We all know that plants and animals have shared a special partnership for millions of years.
Animals rely on plants for habitat, oxygen, shelter, and most importantly, nourishment. Plants, in turn, depend on animals for pollination, fertilization, and propagation.
However, recent reports suggest that climate change is making this transportation of seeds by animals even more necessary, but the process is under threat. Let's find out more.
A Vital Partnership
Did you know that over 80 percent of the world’s flowering plants need pollinators like bees, hummingbirds, bats, butterflies, and other insects to reproduce?
Manure from animals that is rich in nitrogen has widely been used as a natural fertilizer because it fights diseases and cleans contaminants. Animals also help plants by distributing seeds into new territories.
Depending on the sizes of these animals, seeds can be dispersed either locally or several miles from the original location - literally planting them in a new location. Some fruits even induce constipation in the animal so their seeds get longer rides!
This process of gut-based transportation of seeds, by animals, is called assisted migration. Research shows that more than half of plants around the world are dispersed by animals, making this partnership extremely vital.
Assisted Migration Under Threat
Now, climate change is making that movement especially necessary. Many plants are in places that are getting either too hot or too dry for their survival and may need to migrate to new habitats that are more ideal.
But just when plants need animals most, animal populations are seeing a decline, most likely due to hunting, habitat loss, and climate change-induced mass extinctions.

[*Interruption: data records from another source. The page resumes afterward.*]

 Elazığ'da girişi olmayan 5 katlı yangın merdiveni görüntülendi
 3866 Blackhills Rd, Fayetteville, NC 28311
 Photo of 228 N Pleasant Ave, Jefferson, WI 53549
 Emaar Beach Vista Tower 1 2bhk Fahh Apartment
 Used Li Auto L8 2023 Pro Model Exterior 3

Over the course of the last 50 years, populations of several key species have declined by around 68 percent on average, according to the World Wildlife Fund. A report from the UN showed that one million plant and animal species are threatened, and the rate of extinction is accelerating.
When Small Means Massive
Scientists from Rice University have found that just a small decline in fauna can lead to a massive decline in flora. For example, if a location loses 10% of its seed distributors, one would expect a 10% decline in seed dispersal as well. But instead, a 95% decline in seed dispersal was observed!

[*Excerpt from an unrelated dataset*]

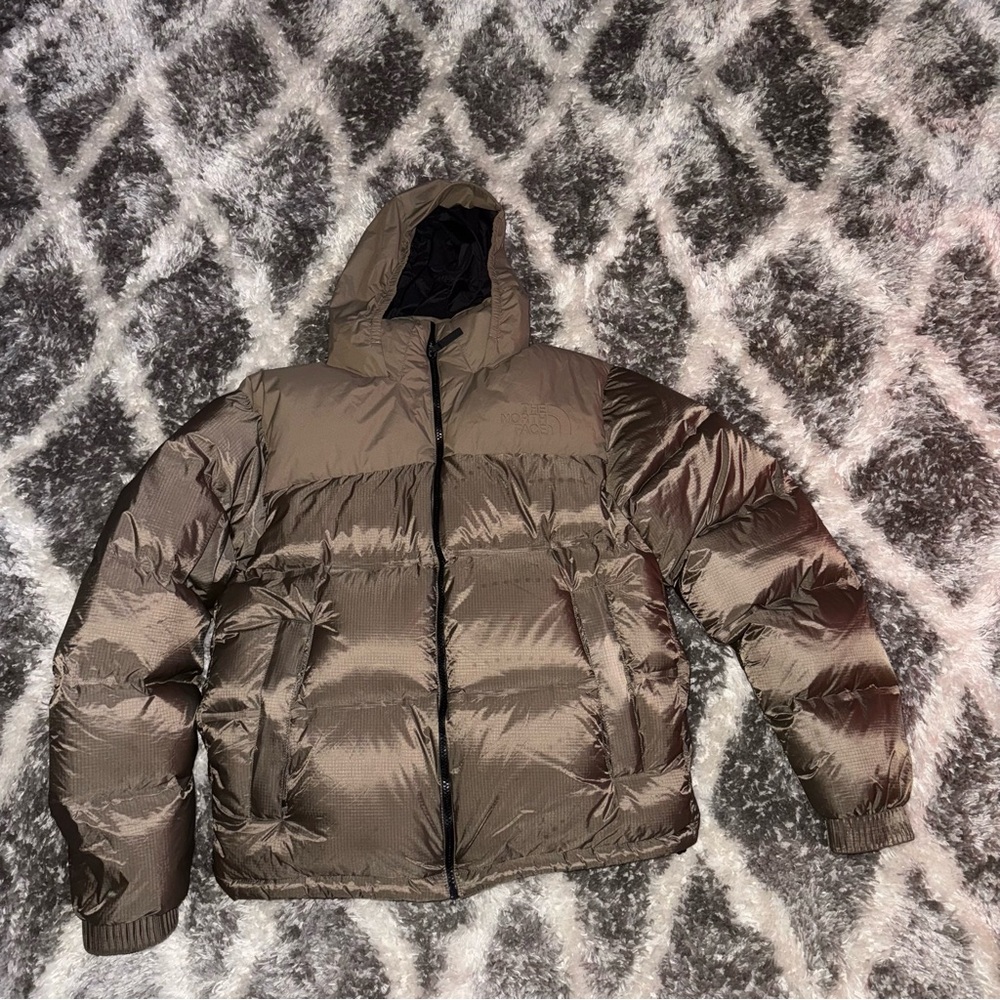 Goretex Down Puffer Jacket Full Zip W Hood Women’s Sz Small Tan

The reason - when animals die in an ecosystem, the long-distance dispersers like toucans, tapirs, gorillas, and black bears are lost first.
The temperate regions of North America, Europe, South America, and Australia have experienced the worst seed-dispersal losses. If the currently endangered species were to go extinct, tropical regions in South America, Africa, and Southeast Asia would be impacted the most.

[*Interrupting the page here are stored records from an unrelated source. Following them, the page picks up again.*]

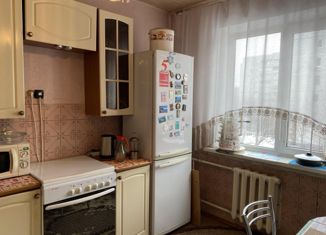 Продажа четырехкомнатной квартиры, 70 м2, Ульяновск, проспект Туполева, 10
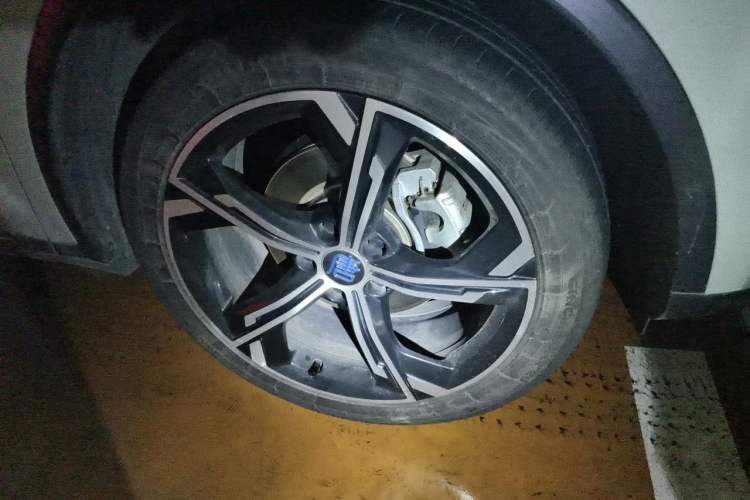 Used BYD Tang New Energy 2021 DM-i 112KM Prestige Model Right Front Wheel Hub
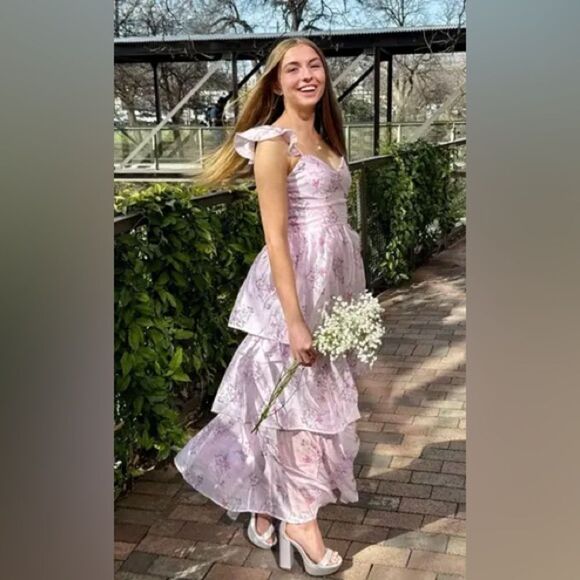 NWT-Lulus- Sweetest Emotion Lilac Floral Ruffled Tiered Bustier Midi Dress-small - Picture 6 of 16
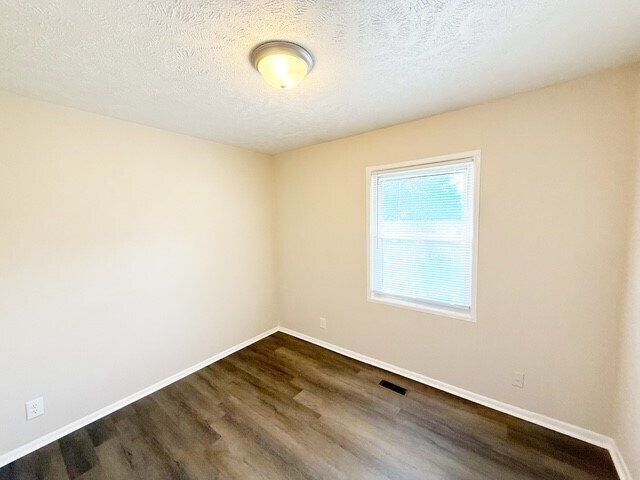 Building Photo - 2726 N Routiers Ave
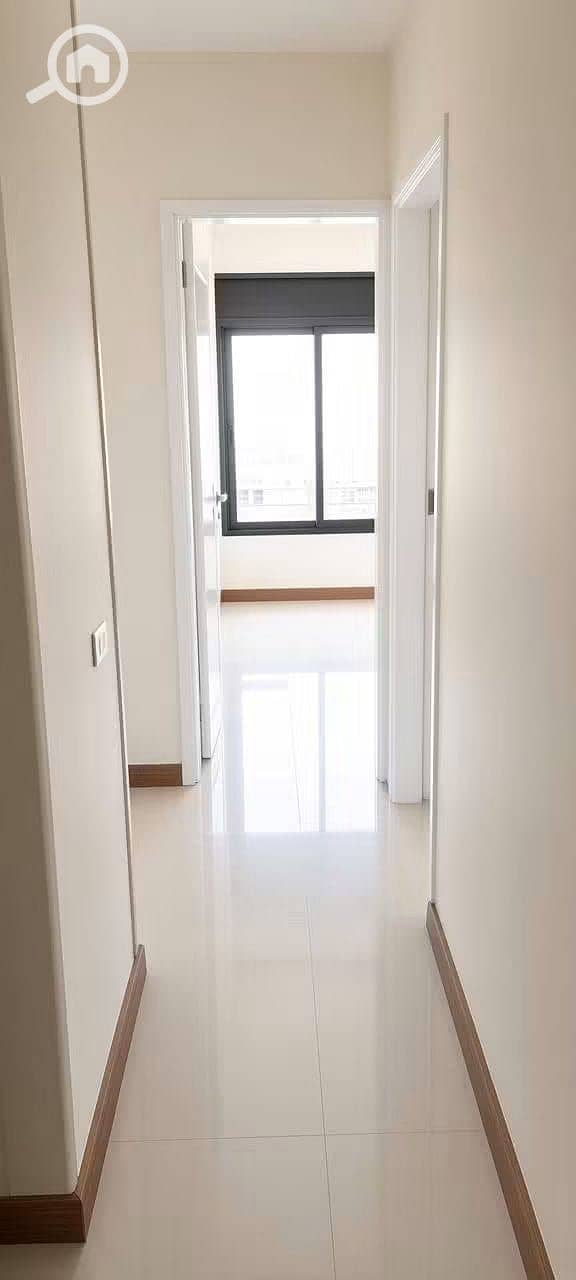 2 1002317434. jpg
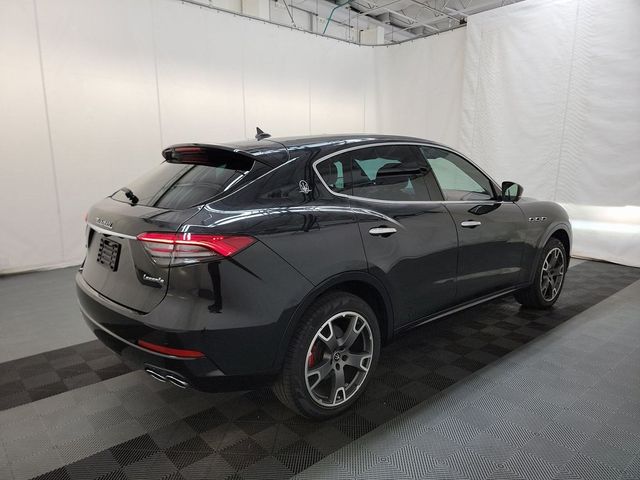 2021 Maserati Levante Base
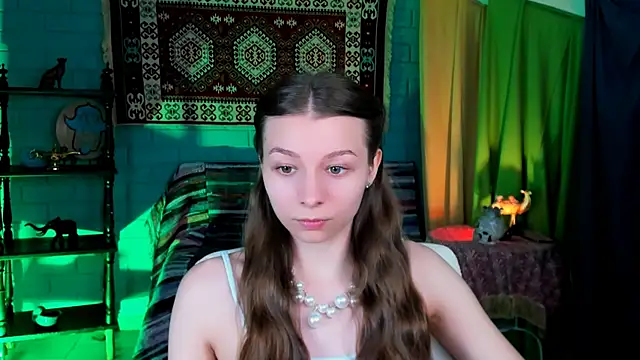 Snapshot of JulieDaniel chatting on 11-13-25, 08:24 JulieDaniel online show from 11-13-25, 08:24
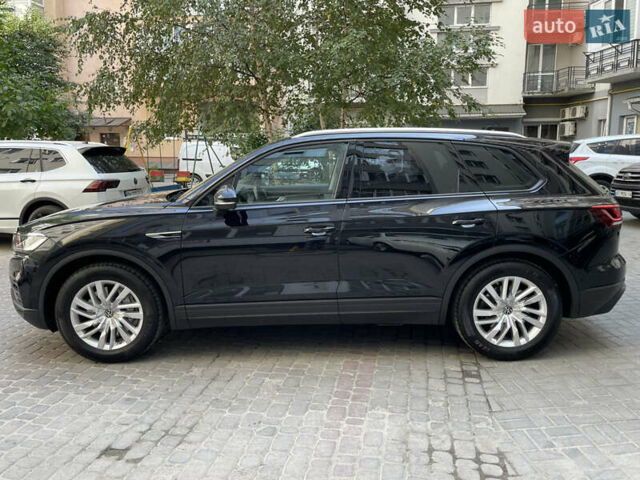Черный Фольксваген Туарег, объемом двигателя 3 л и пробегом 80 тыс. км за 50000 $, фото 7 на Automoto.ua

With increasing temperatures, plants and animals are starting to move to colder and wetter regions. For example, Atlantic cod and mackerel have migrated 200 km in just a decade. In the Altai mountains in Asia, the tree line has moved higher by 150 meters, because temperatures have increased by 1.7 ℃. While it is easier for animals to physically move, plants are literally stranded in place.
Preserving this close relationship between plants and animals is important for the survival of many species, including us.